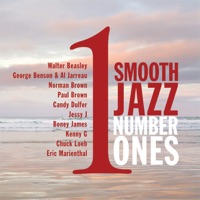 Chuck Loeb - starting over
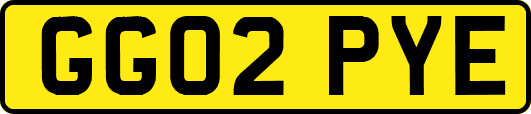 GG02PYE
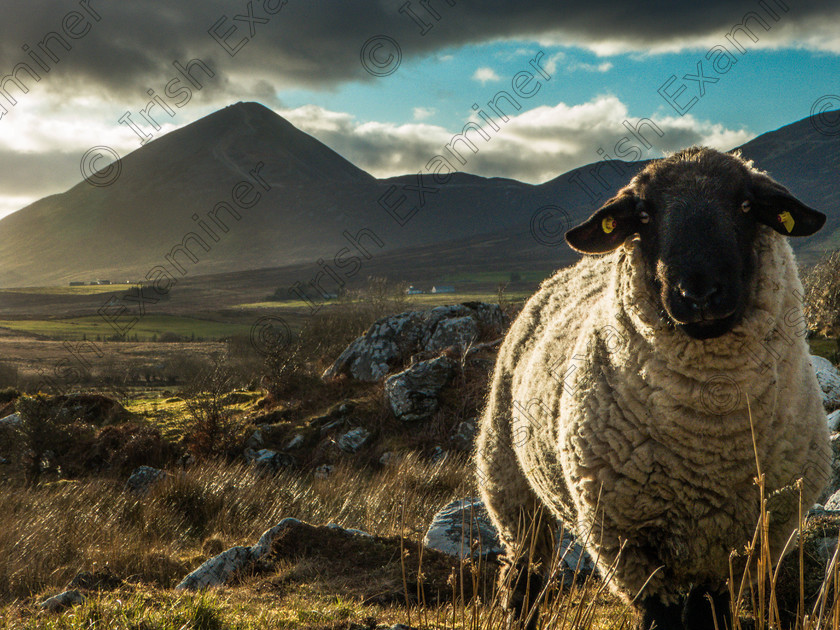 untitled-1150977 
 Suffolk ram with Croagh Patrick in the background, just outside Westport, Co. Mayo. Picture: Brian Joyce
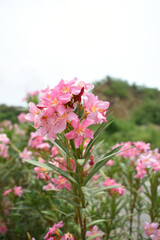 Nerium oleander in bloom, Pink siplicity bunch of flowers and green leaves on branches, Nerium...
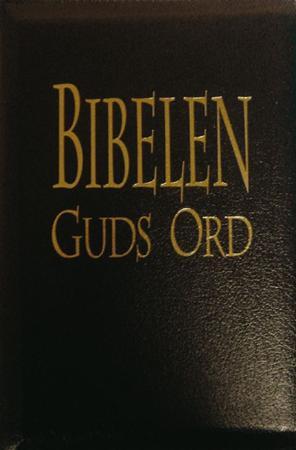 "Bibelen - Guds ord" av Norvald Yri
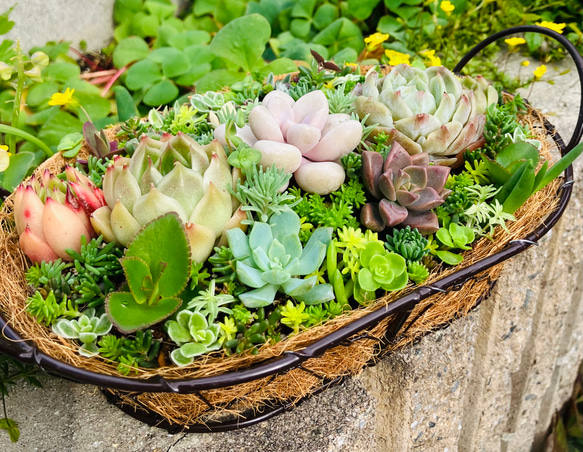 【人気No.1】 56）売り切れました❤︎ バスケット多肉植物寄せ植え その他多肉植物
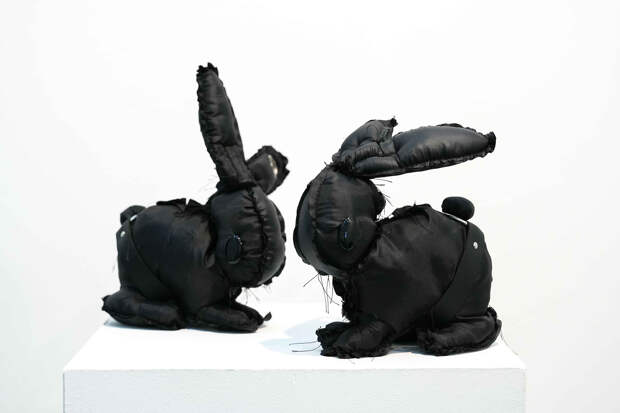 Андрей Soul, инсталляция «Размножение», 2025 год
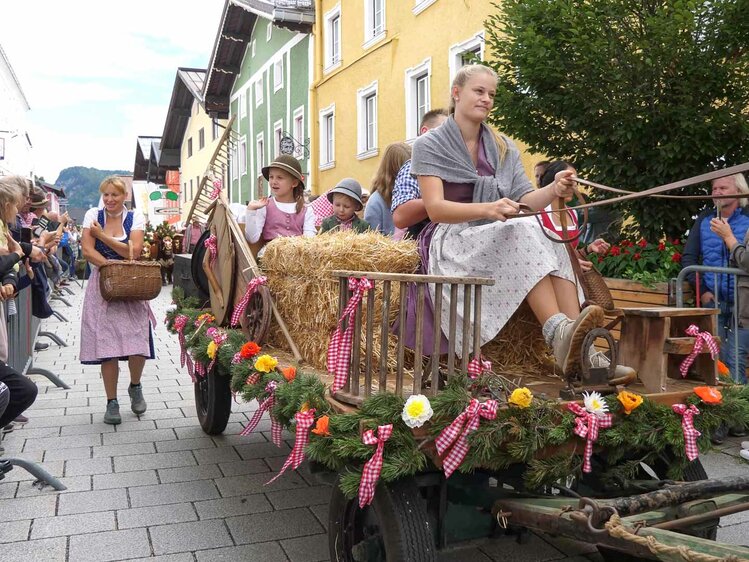 Almabtrieb Radstadt | © Urlaub am Bauernhof / Gerhard Liebenberger 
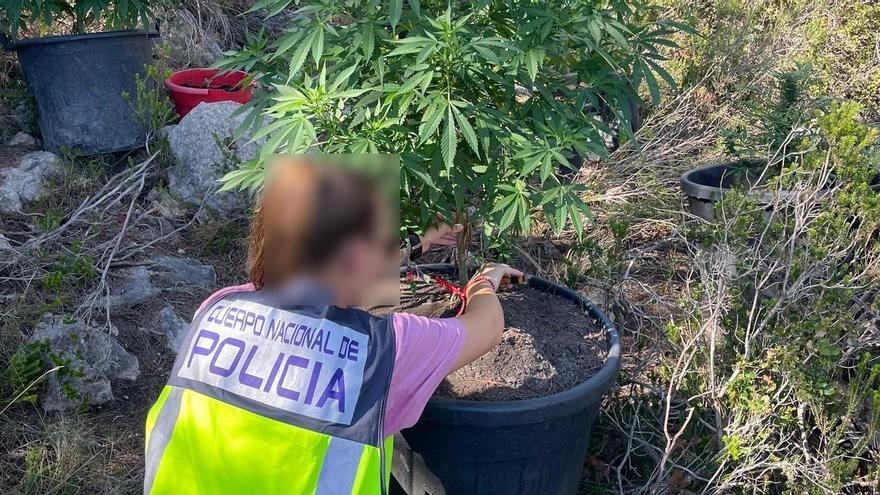 Man arrested for growing marijuana in Ibiza cemetery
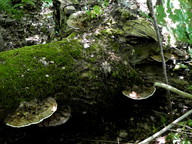 Ganoderma applanatum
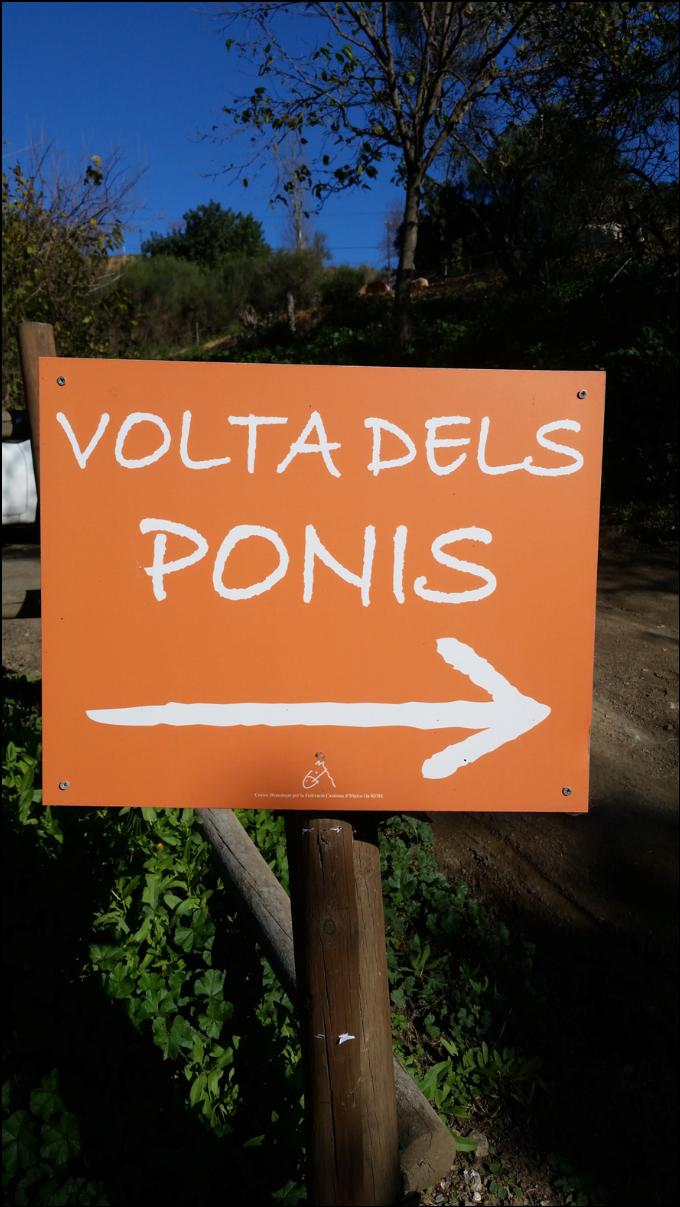 vuelta de los ponis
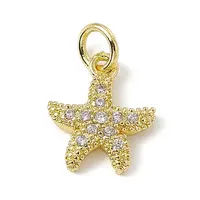 Brass Micro Pave Cubic Zirconia Charms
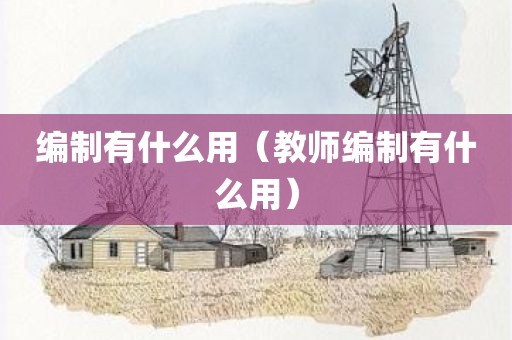 编制有什么用（教师编制有什么用）
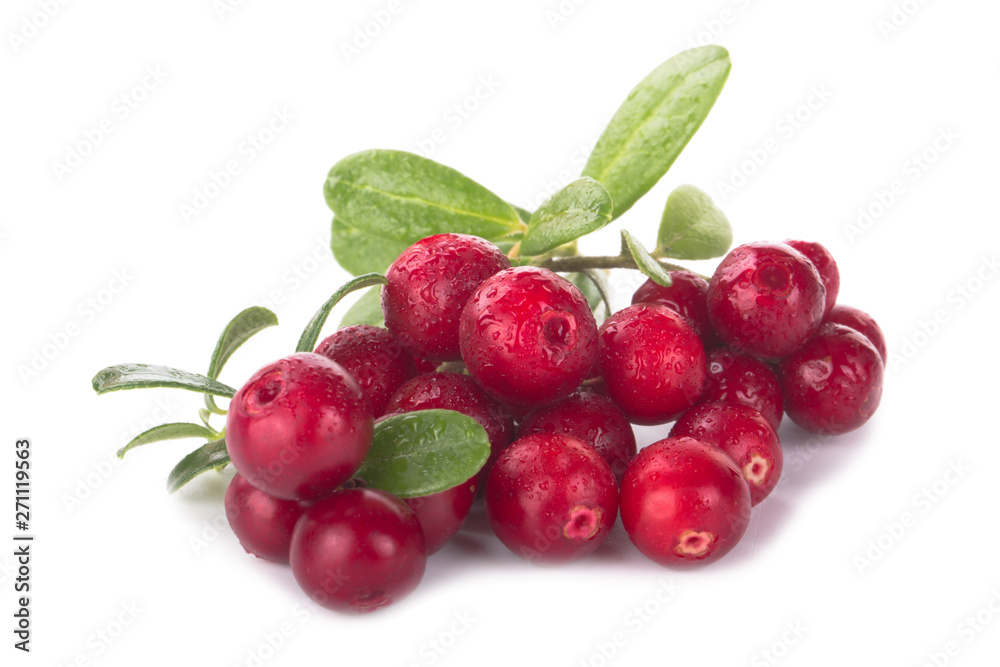 Cowberry Lingonberry (Vaccinium vitis-idaea) isolated on white background Cowberry Lingonberry (Vaccinium vitis-idaea) isolated on white background
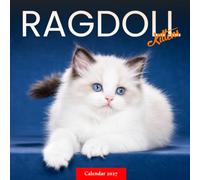 Ragdoll Kittens Calendar 2027: Young Cat Photography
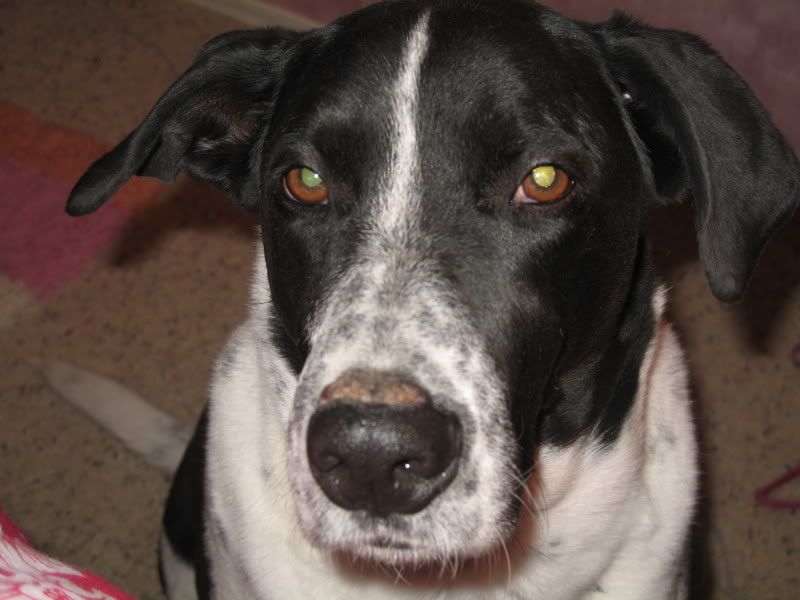 Autoimmune Disease &amp; Diabetes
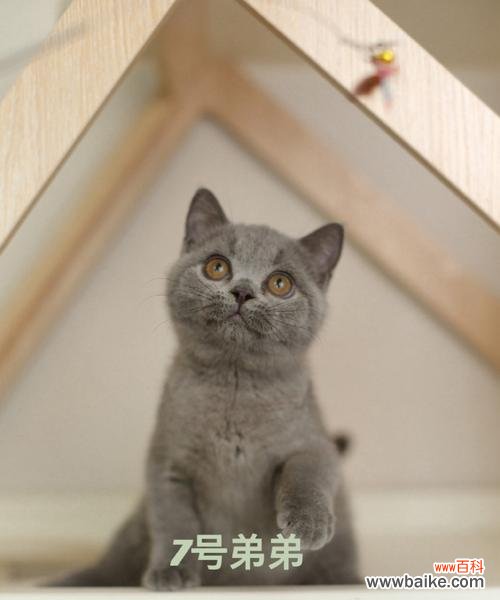 蓝猫和三花的爱情寓意是什么?象征意义有哪些?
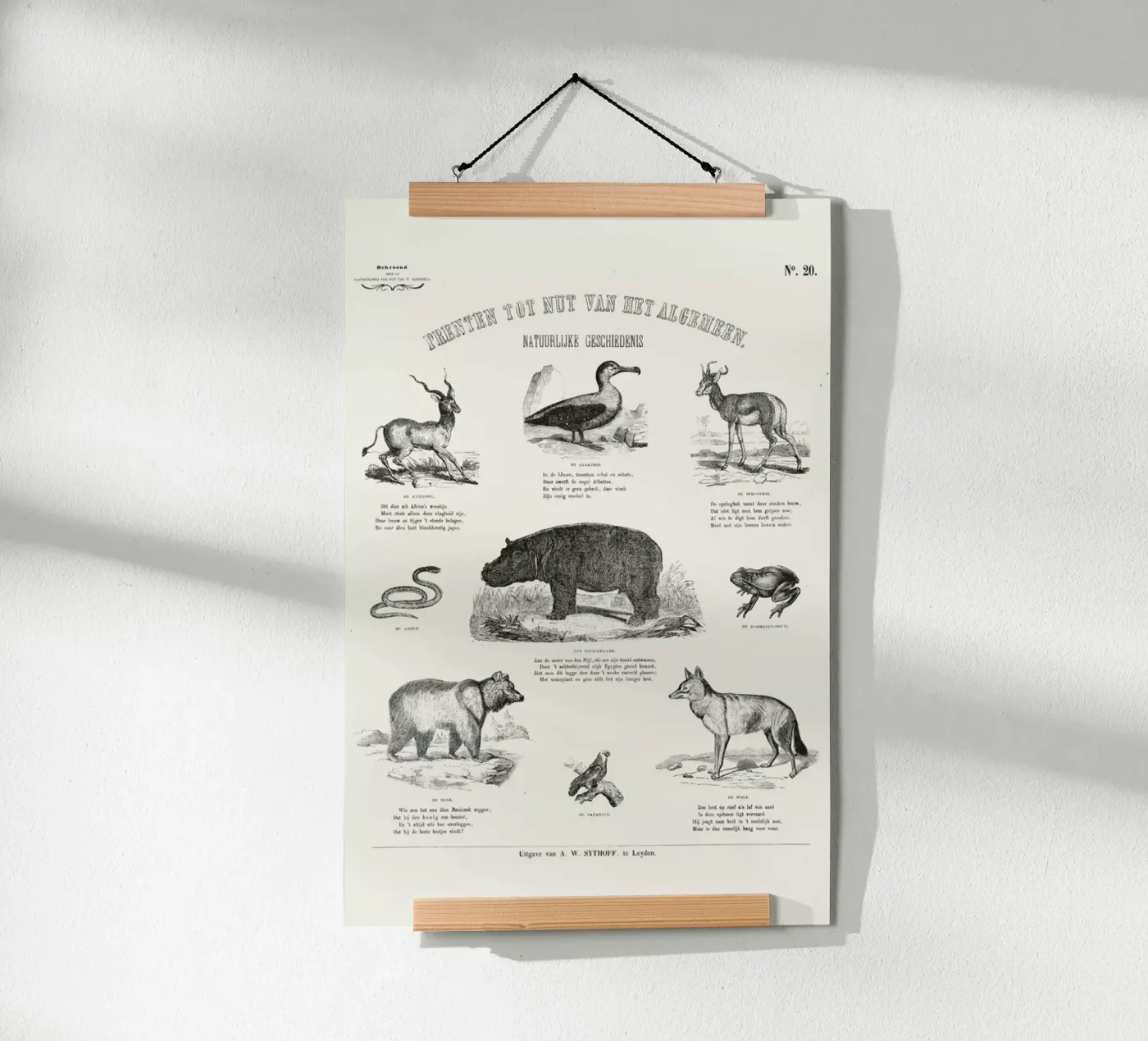 Animals Chart poster da Astër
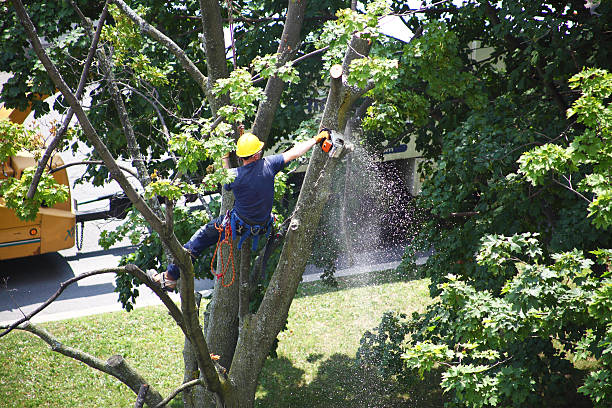 Blue Mound, IL Tree Care Company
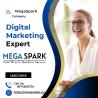 Mega Spark Leading the Way as India's Best Digital Marketing Company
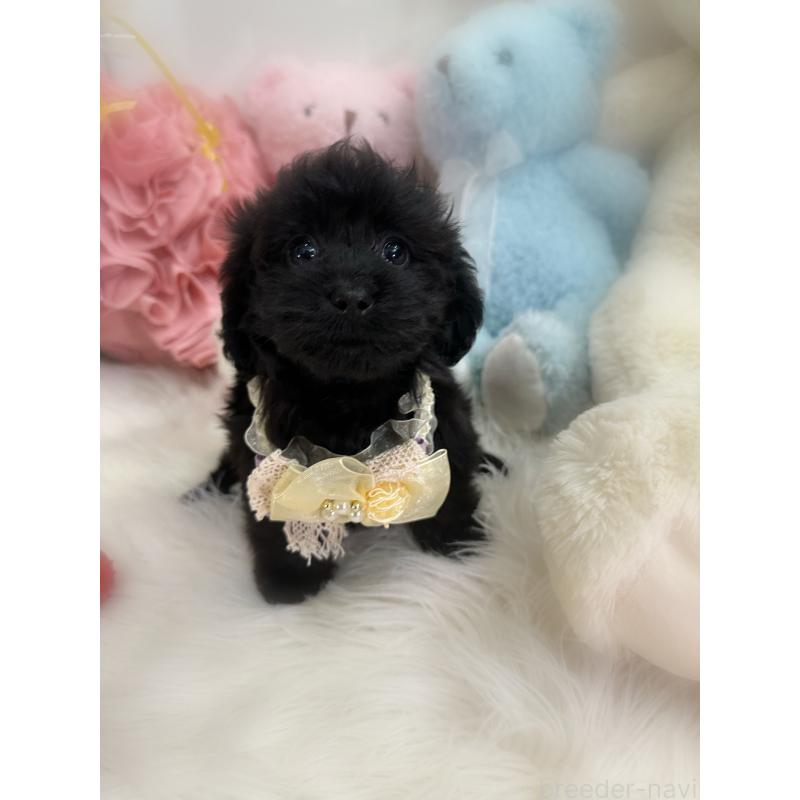 販売中の香川県のダップー:ミニチュアダックスフンド×トイプードル-433655の11枚目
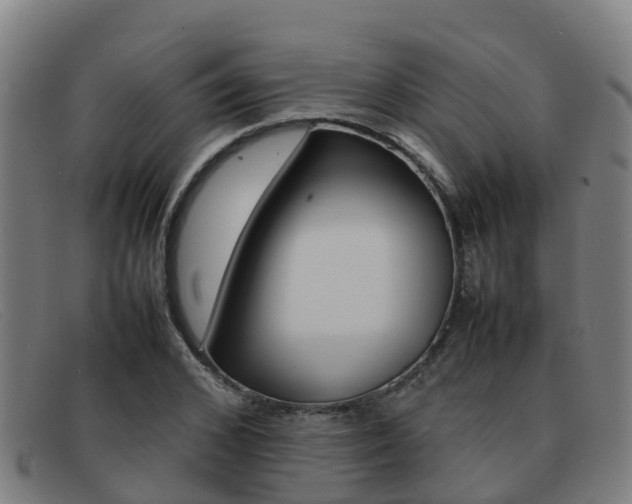 X0000092070976200709121022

────

Goal of the exercise –
Nothing but the lines from the one containing "Blue Mound, IL Tree Care Company" through the last line of the data should appear in the answer, copied exactly, with pictures excluded.

Exercise output –
 Blue Mound, IL Tree Care Company
 Mega Spark Leading the Way as India's Best Digital Marketing Company
 販売中の香川県のダップー:ミニチュアダックスフンド×トイプードル-433655の11枚目
 X0000092070976200709121022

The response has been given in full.